Dalam forum yang dihadiri 200-an peserta ini tampil sebagai pemakalah pertama adalah sastrawan Jawa Tulus Setiadi, S.T.P. Dalam presentasinya, ia menyatakan bahwa pembelajaran bahasa dan sastra Jawa harus bisa menumbuhkan karakter yang berbudi pakarti luhur. Anak dibiasakan untuk komunikatif dengan bahasa ibunya baik di lingkungan keluarga, masyarakat atupun sekolahan. Peraih Sutasoma Award tahun 2017 dari Balai Bahasa Jawa Timur, katagori sastra daerah terbaik ini menambahkan bahwa hal tersebut untuk membangun suasana yang nyaman dalam memberikan pelajaran bahasa Jawa, juga memberikan kebebasan berkreatif pada anak untuk mentransformasi bahasa ibunya.

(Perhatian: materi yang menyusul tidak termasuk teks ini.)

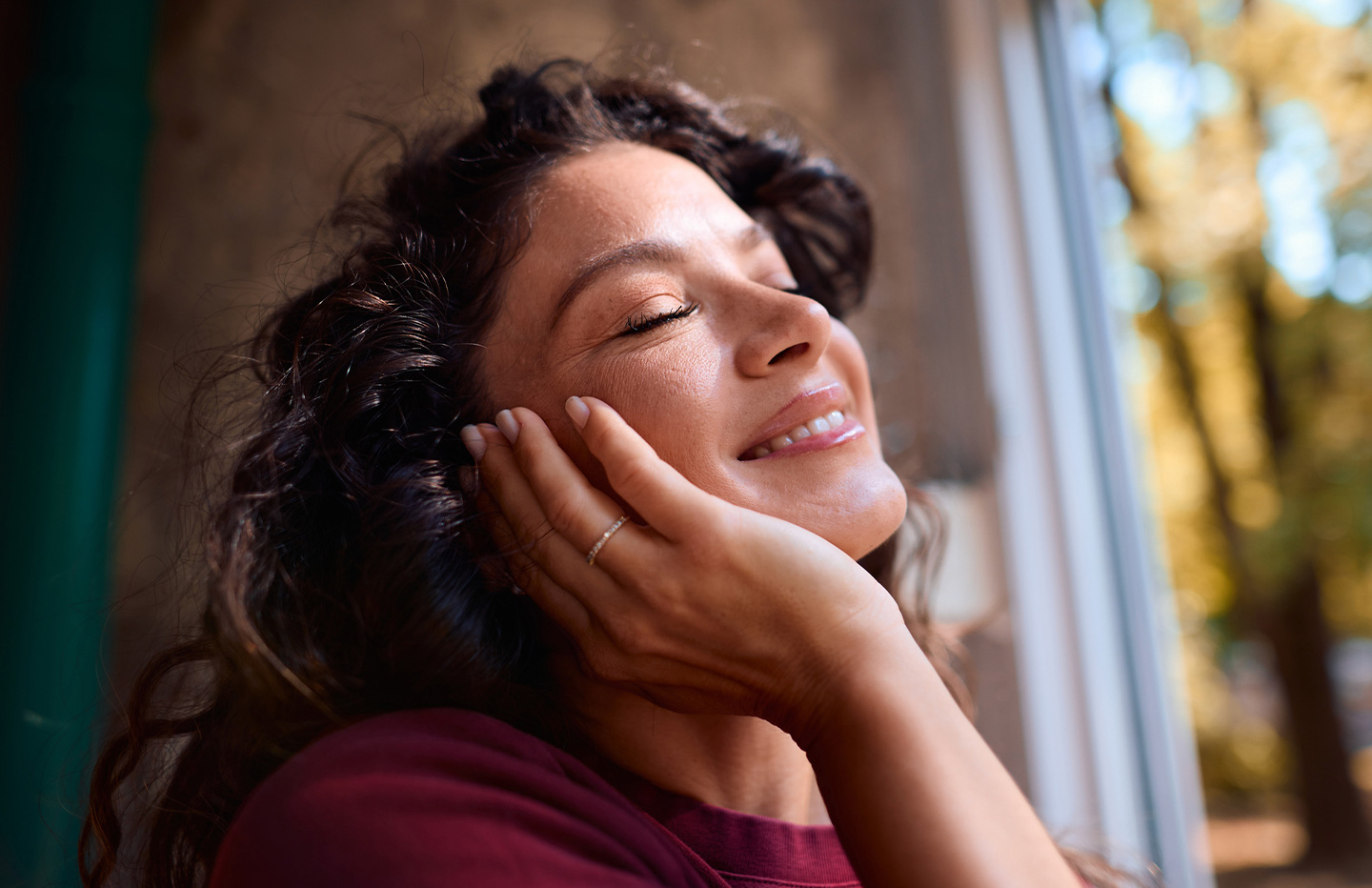 Woman smiling with her hand on her face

Dalam paparan makalahnya yang berjudul “Menelusuri Dialek Bahasa Jawa di Cirebon,” Dr. Drs. Supriatnoko, M.Hum. memaparkan bahwa menelusuri bahasa Jawa di Cirebon, kita akan menemukan sebutan Basa Cerbon atau Basa Crebon bagi penuturnya di Cirebon. Secara linguistik, Basa Cerbon termasuk dialek bahasa Jawa, tetapi kosakata bahasa Jawa Kuna akan ditemukan dalam bahasa Jawa di Cirebon. Di samping itu, akibat dari sentuh bahasa dengan bahasa Sunda, bahasa Jawa di Cirebon menyerap kosa kata bahasa Sunda yang pada penggunaannya mengalami perubahan makna.
“Uniknya, penutur bahasa Jawa di Cirebon mampu mencipakan kosakata hibrid ataupun kosakata baru yang memiliki makna sama dengan kosakata yang digunakan dalam bahasa Sunda atau bahasa Jawa. Bagi penuturnya di Cirebon, basa Cerbon merupakan penanda jati diri mereka yang membedakannya dari penutur bahasa Jawa lainnya, “ tambah dosen Politeknik Negeri Jakarta ini.

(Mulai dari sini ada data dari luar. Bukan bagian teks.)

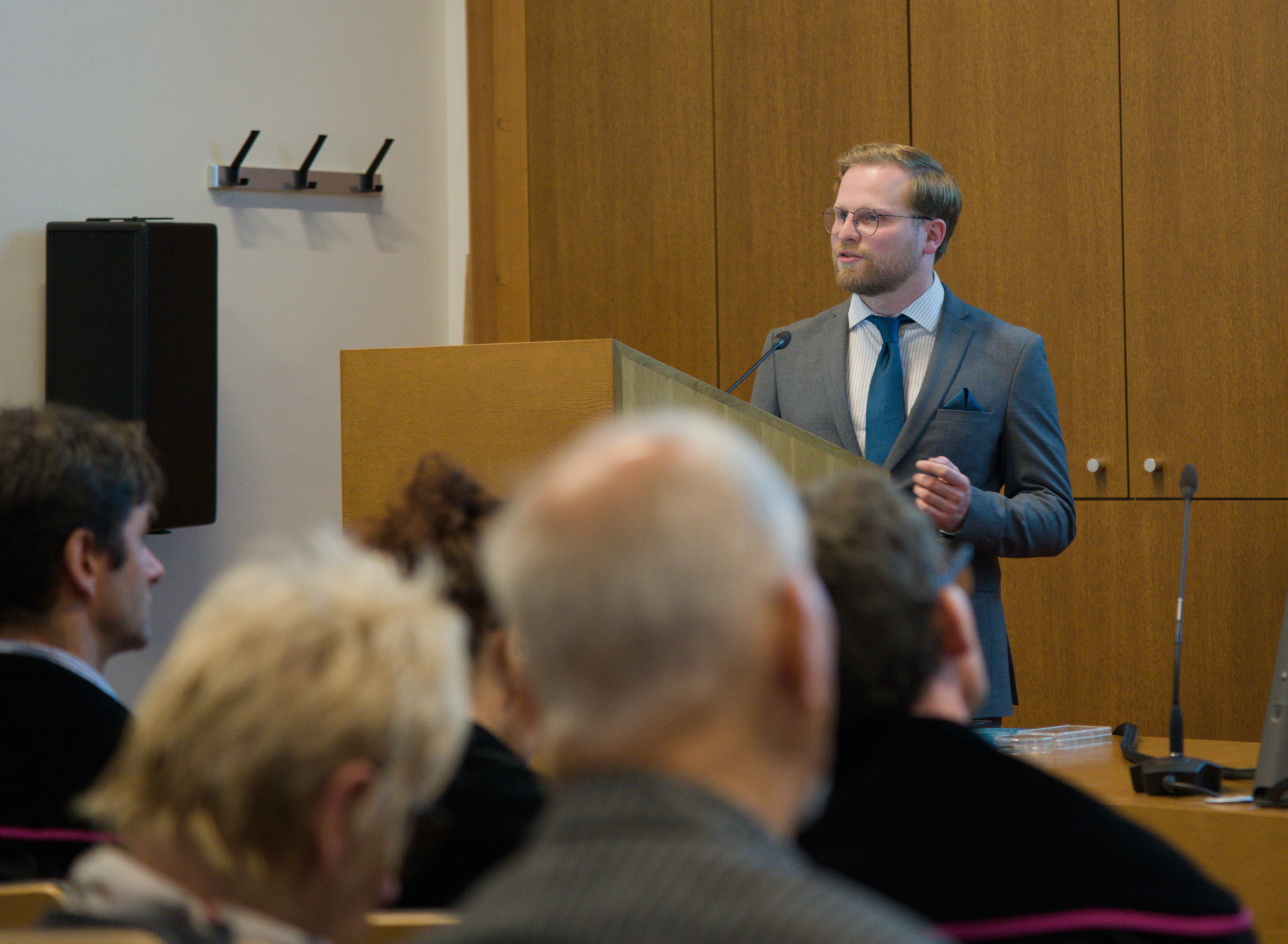 … I faced everyone behind a podium.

Sementara itu Dr. Dewi Kencanawati, M.Pd. mempresentasikan makalahnya yang berjudul “Variety of Language Use in Bumi Panji.” Menurut dosen Universitas Nusantara PGRI Kediri ini, bahasa Jawa merupakan salah satu bahasa yang digunakan untuk berkomunikasi di Bumi Panji, Kediri. bahasa Jawa Mataraman Wetan merupakan jenis bahasa Jawa halus yang dipakai oleh masyarakat Kediri- bekas wilayah kekuasaaan Kesultanan Mataram. Dialek yang dipakai dalam berkomunikasi memiliki penciri yang berkembang luas di masyarakat. Hal ini memperkaya kasanah budaya luhur Bangsa Indonesia. Dengan dialek nya yang berbeda dengan daerah lain, Bahasa Jawa Mataraman Wetan yang dipakai di Bumi Panji menunjukkan asal daerah penuturnya.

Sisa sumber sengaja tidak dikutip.